SATURDAY

Cyrus Shams and Orkideh

BROOKLYN, DAY 2

Cyrus woke up in his Brooklyn hotel with Zee’s thumb in his mouth. They’d split the cost of a single bed single room for a weekend, which made it surprisingly affordable. The hotel they’d found was even one of those hip Brooklyn-y places with loud music and a live DJ in the lobby at night. The mini bar boasted two different kinds of mezcal, and a “feminist icons” tarot deck with a picture of Gloria Steinem as the Queen of Cups on the box’s outside.
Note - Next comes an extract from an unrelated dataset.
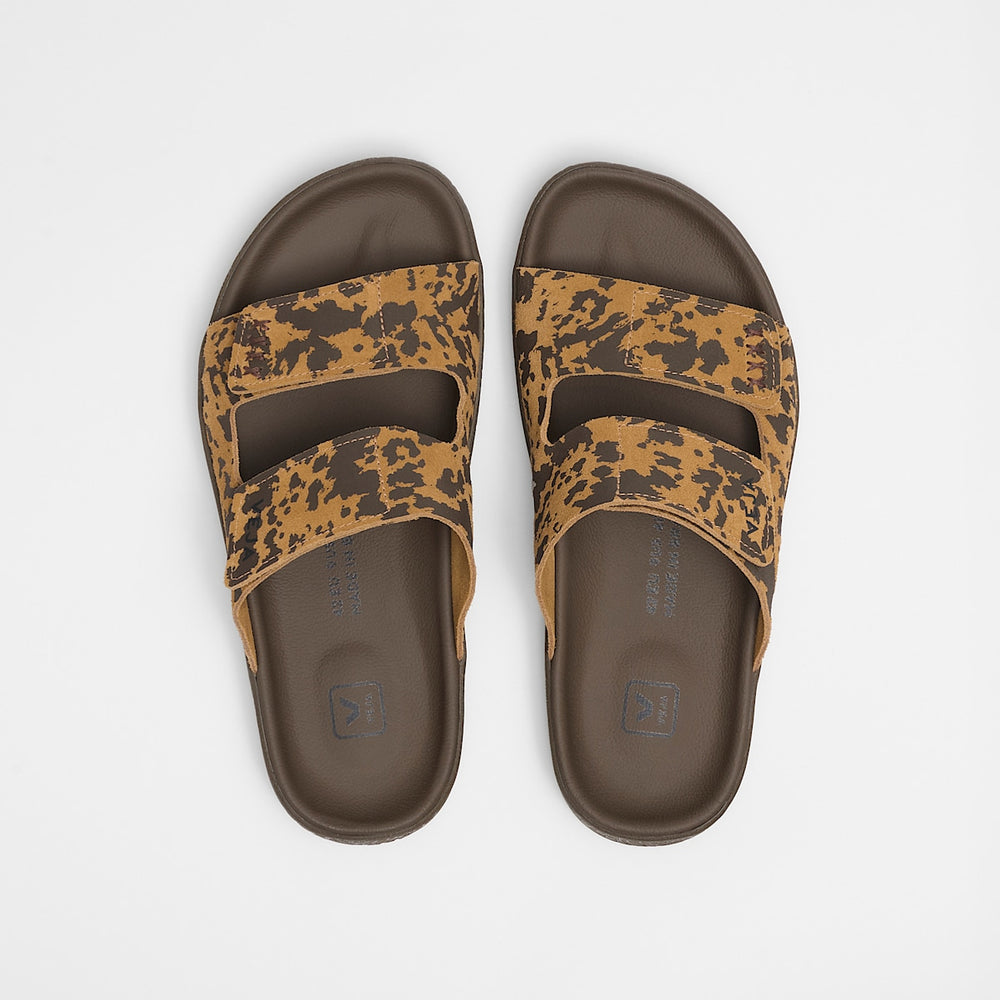 ETNA SUEDE CAMEL WILD COUNTRY — 2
Cyrus had been a late-in-life thumbsucker. When he was thirteen, his father became determined to fix the problem once and for all. He began making Cyrus soak his thumbnails in hot pepper juice nightly after dinner. For weeks, Cyrus would rise in the middle of the dark, his thumb in his mouth, his lips and tongue on fire. Nothing could shrink the pain. It took ages for his sleeping self to finally reject his thumbs as poison. Later in his life, almost as if out of protest, Cyrus’s subconscious began enlisting any bedmate’s thumb as proxy for his own, and Zee’s was the most common surrogate.
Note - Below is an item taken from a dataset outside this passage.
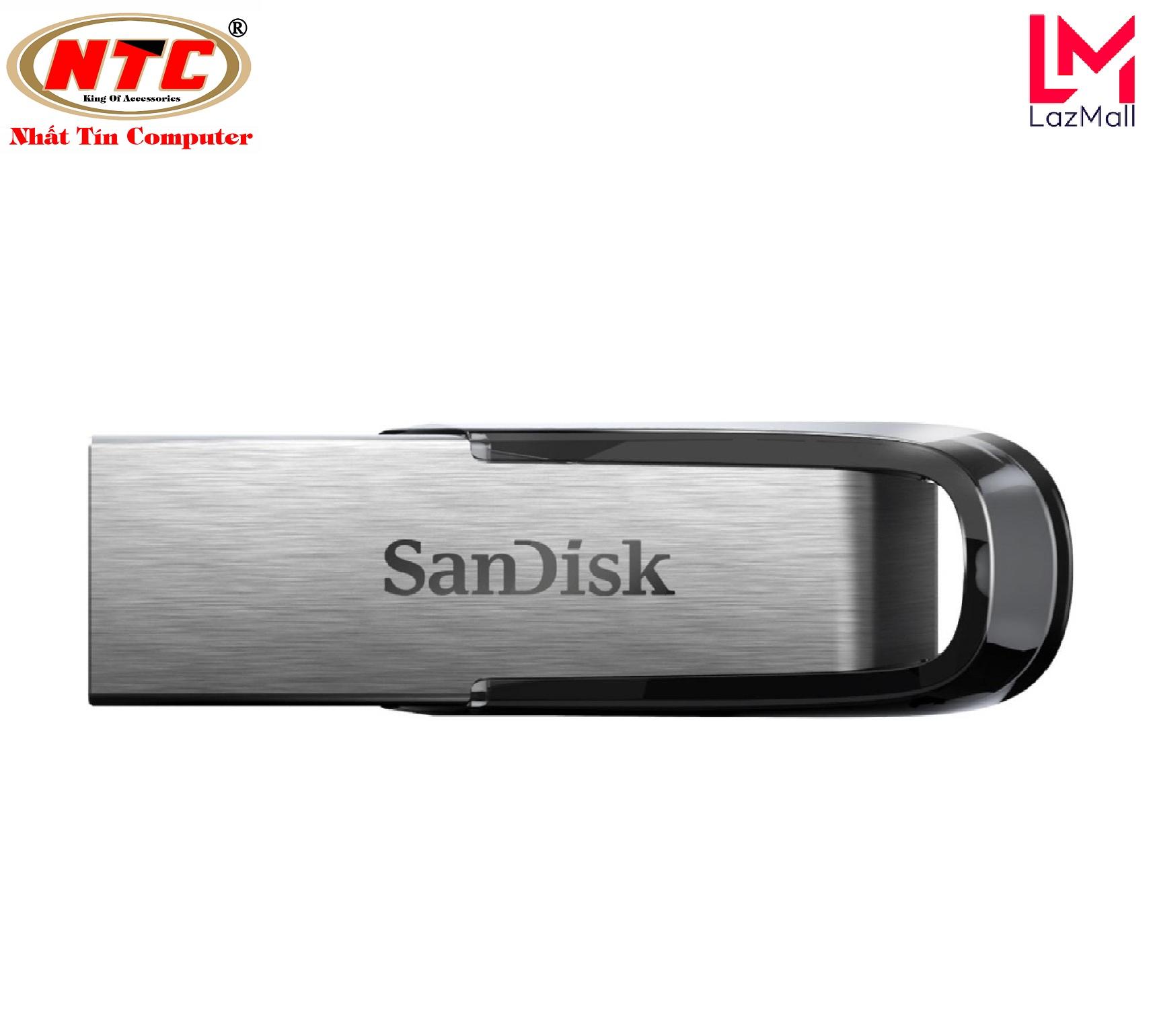 Usb 3.0 sandisk cz73 ultra flair 128gb tốc độ up to 150mb/s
The two had begun rooming together shortly after meeting, and sharing each other’s beds not long after that. When they’d sleep together, it mostly wasn’t sexual. In one of the very few occasions over the years when they’d spoken about it, Cyrus told Zee it was like that line from Moby-Dick.

“The bit about putting up with any half-decent man’s blanket?” Zee’d asked.

Cyrus had been thinking about a different line, about it being better to sleep with a sober cannibal than a drunken Christian. He thought of himself as the sober cannibal, and Americans broadly as drunk Christians. But he just laughed and said: “Yeah, that one. You do have very nice blankets.”

Cyrus had gotten to know Zee’s thumbs well. They were long on Zee’s hand, but still considerably shorter than Cyrus’s. At six-foot-three, Cyrus was nearly a foot taller than his roommate, but more often than not Zee still ended up as big spoon when they cuddled. Zee’s thumbs were like miniatures of Zee himself, compact but muscular, sturdy and strong. They could have belonged to a masseuse or a sculptor, a seamstress or a carpenter.

The two rarely kissed, and if they did it was almost never on the lips. Mostly they held each other, played against each other’s skin and backs and fingers. Mostly they slept.

Sometimes Cyrus would turn to face Zee and reach his hand down his shorts, or Zee would reach around Cyrus and softly scratch his fingers through his pubic hair into his crotch, and they’d finish the other off like that, eyes closed and breathing heavy. Or sometimes, facing each other, they would touch themselves, using their off-hands to trace the other’s nipples, Adam’s apple, lips.

Usually though, they just held each other and slept. It was simple that way. Just two half-decent men sharing a blanket.

When Cyrus or Zee was dating someone, they’d introduce their roommate as their best friend. When they were both partnered, they’d go out on double dates, play loud music in their respective bedrooms to cover the sounds of their sex. Cyrus never told his partners about sleeping with Zee, and Zee never told any of his boyfriends either.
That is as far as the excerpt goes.